# Reading > Who Said That? >  "if a man does not keep pace with his companions, perhaps it is because he hears a di

## NikolaiI

What does the following quote mean to you?

"if a man does not keep pace with his companions, perhaps it is because he hears a different drummer."
H. Thoreau

I'm asking for a friend, and I'd be very grateful for analysis and interpretation. It might be helpful to look at the context. Just googling it, I found it sometimes grouped with the sentence before and sometimes with the one after. Thank you.

----------


## Logos

On this site it is contained in Chapter 18, the Conclusion:
http://www.online-literature.com/thoreau/walden/18/

_"Why should we be in such desperate haste to succeed and in such desperate enterprises? If a man does not keep pace with his companions, perhaps it is because he hears a different drummer. Let him step to the music which he hears, however measured or far away. It is not important that he should mature as soon as an apple tree or an oak. Shall he turn his spring into summer?...."_

I haven't read Walden in years, but to me it's a summing up of his philosophy, to embrace your different-ness, be daring, take a chance, take the road less travelled and all that  :Smile:  I think he's also suggesting that some people don't realise that they think differently or don't follow the crowd, but his message is positive and hopeful.

----------


## bazarov

It's very positive quote, in my opinion. 
If someone is acting and thinking different then his friends and his closer society, it doesn't mean that he isn't normal; he is just seeing some things on other way. Maybe he is smarter or wiser then the rest of them, but they don't realize that. Although, he probably knows that and he doesn't care too much about that. Be yourself, and never change your path, no matter of consequences. 
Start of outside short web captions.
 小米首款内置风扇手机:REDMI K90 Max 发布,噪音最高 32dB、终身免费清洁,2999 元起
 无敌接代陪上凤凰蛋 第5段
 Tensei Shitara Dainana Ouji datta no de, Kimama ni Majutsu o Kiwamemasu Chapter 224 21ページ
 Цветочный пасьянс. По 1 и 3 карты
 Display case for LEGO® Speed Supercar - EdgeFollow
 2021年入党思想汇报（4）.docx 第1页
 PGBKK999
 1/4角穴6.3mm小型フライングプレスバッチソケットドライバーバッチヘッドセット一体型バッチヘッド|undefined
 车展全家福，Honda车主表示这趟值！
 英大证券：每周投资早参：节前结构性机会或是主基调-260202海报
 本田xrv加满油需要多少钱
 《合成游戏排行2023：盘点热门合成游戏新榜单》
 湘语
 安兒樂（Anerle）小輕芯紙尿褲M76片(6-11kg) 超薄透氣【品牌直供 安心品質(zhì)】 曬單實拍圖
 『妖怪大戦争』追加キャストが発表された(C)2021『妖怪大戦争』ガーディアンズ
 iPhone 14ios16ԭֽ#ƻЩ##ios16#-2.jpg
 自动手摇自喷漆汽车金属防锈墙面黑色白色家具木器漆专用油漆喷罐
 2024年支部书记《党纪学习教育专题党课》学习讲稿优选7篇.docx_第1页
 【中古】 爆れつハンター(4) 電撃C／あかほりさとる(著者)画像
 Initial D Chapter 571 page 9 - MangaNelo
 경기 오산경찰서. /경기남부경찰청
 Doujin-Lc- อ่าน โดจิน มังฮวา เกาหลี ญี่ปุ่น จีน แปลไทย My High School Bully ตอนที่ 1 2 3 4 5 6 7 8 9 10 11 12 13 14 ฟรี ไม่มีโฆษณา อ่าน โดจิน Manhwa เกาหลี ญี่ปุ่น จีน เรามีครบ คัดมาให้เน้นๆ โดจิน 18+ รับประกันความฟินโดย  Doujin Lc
"The individual has always had to struggle to keep from being overwhelmed by the tribe. If you try it, you will be lonely often, and sometimes frightened. But no price is too high to pay for the privilege of owning yourself. "
Friedrich Nietzsche

----------


## Midnight Runner

It's the ultimate embrace of the Emersonian individualism which Thoreau championed throughout Walden. Be true to yourself. If you are different, that is good. Everyone is unique.

----------


## Sindhu

> On this site it is contained in Chapter 18, the Conclusion:
> http://www.online-literature.com/thoreau/walden/18/
> 
> 
> I haven't read Walden in years, but to me it's a summing up of his philosophy, to embrace your different-ness, be daring, take a chance, take the road less travelled and all that  I think he's also suggesting that some people don't realise that they think differently or don't follow the crowd, but his message is positive and hopeful.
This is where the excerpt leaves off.